How to Stay Positive When Disaster Strikes

Seeing your home and all its memories destroyed in a catastrophe is a heavy blow that strikes you deeply in your soul. Some never recover from the trauma while others come out stronger from the experience. Until disaster strikes, you may not know how you will respond. And when that happens, staying positive can seem impossible — unfair even. However, no matter how angry or sad you may be, staying angry and sad is counterproductive. As with most other things, situations often become self-fulfilling prophecies. Try to stay positive when disaster strikes and the consequences will be much easier to deal with.

Steps to stay positive:

• Count what has been bestowed upon you. Your house may be a pile of sticks, but if you and your family are alive and well, you have a lot to be thankful for.

• Know that you are not alone. When a disaster strikes a community, the entire community is affected. While your suffering may be great, so are others. Literally, your neighbors feel your pain. Many disaster victims have found solace in consoling each other.
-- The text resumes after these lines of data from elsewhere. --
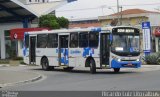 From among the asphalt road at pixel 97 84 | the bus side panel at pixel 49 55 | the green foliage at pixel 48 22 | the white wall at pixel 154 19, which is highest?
the white wall at pixel 154 19

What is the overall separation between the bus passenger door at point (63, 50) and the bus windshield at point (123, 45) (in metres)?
4.51

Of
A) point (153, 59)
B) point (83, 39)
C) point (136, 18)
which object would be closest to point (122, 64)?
point (83, 39)

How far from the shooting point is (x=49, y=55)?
3316cm

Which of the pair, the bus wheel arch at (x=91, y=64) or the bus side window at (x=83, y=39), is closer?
the bus wheel arch at (x=91, y=64)

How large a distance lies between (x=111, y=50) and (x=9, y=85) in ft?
25.2

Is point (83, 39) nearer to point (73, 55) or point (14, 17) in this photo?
point (73, 55)

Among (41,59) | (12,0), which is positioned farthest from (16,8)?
(41,59)


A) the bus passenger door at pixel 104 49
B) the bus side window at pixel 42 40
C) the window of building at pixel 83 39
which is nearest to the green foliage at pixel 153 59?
the bus side window at pixel 42 40

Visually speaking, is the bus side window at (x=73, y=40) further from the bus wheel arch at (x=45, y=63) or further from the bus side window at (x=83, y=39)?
the bus wheel arch at (x=45, y=63)

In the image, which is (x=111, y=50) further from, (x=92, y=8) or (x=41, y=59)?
(x=92, y=8)

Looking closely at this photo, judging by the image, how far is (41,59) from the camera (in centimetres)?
3425

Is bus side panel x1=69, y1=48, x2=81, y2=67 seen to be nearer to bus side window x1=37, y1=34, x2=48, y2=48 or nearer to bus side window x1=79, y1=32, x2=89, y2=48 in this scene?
bus side window x1=79, y1=32, x2=89, y2=48

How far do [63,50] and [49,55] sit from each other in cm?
188

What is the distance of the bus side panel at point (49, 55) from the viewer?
32.5m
• Realize that help is available. As devastating as it may be, it’s doubtful you’ll ever be completely alone. Emergency relief from local, state, and federal agencies as well as nonprofits will arrive in the near term while long-term relief will come, including disaster assistance, grants, loans, housing, and other disaster assistance programs. Be sure to go to disaster recovery centers set up by disaster responders and agencies and find out what help is available to you. As you become more educated about what the future holds and the help available, you will become less certain which makes it easier to maintain a positive attitude.

• Take action. While it may be tempting to play the victim and continue to grieve the losses, taking action can have a healing effect. It pushes you forward and shows that you have some control over your situation. Empower yourself by volunteering to help others who are in a worse situation than you are, removing debris as soon as it is safe to do so, starting the insurance claims process, offering assistance or loans, etc. If you see a need, do what you can to fill it. For example, instead of worrying about your kids missing school for months at a time, organize study groups for neighborhood kids to keep them focused and in a routine.

All of the above steps can help you move from a state of shock and grief to a state of peace and action. But what if you are incapacitated or lose a loved one as a result of the disaster? Staying positive in these situations is even more difficult when you feel as though you have no grace to reckon with or are so hurt you can do nothing but lie in a hospital bed. Here are some tips that may help you:

• Allow yourself to grieve. If you have lost loved ones, grief is a natural process that should not be ignored even if you have insurance papers to file and no place to call home. You may have to move quickly and feel as though you don’t have time to grieve fully. When this happens, promise yourself that you will soon honor your lost loved ones. Give yourself permission to attend to your immediate emergency needs now so that you can grieve properly once you are in a safe place.

• Ask for and accept help. Counseling, medical care and disaster assistance programs are available – and people from all over the world will want to help. Many disaster victims are reluctant to accept help or even resist it, but you need support. By allowing your neighbors, family members, friends or volunteers to help you, your eventual recovery will be much easier.

• Remind yourself that being positive doesn’t mean you have to be happy. In fact, you can be incredibly sad, yet positive. tomorrow is another day. You can survive.

Disasters, though horrific, often bring people and communities together. Many disaster victims find that they are stronger than they realised, and despite the misfortune that has fallen their way, they are willing to survive. You are also equipped to survive a disaster and one of the most effective tools you have is your ability to stay positive.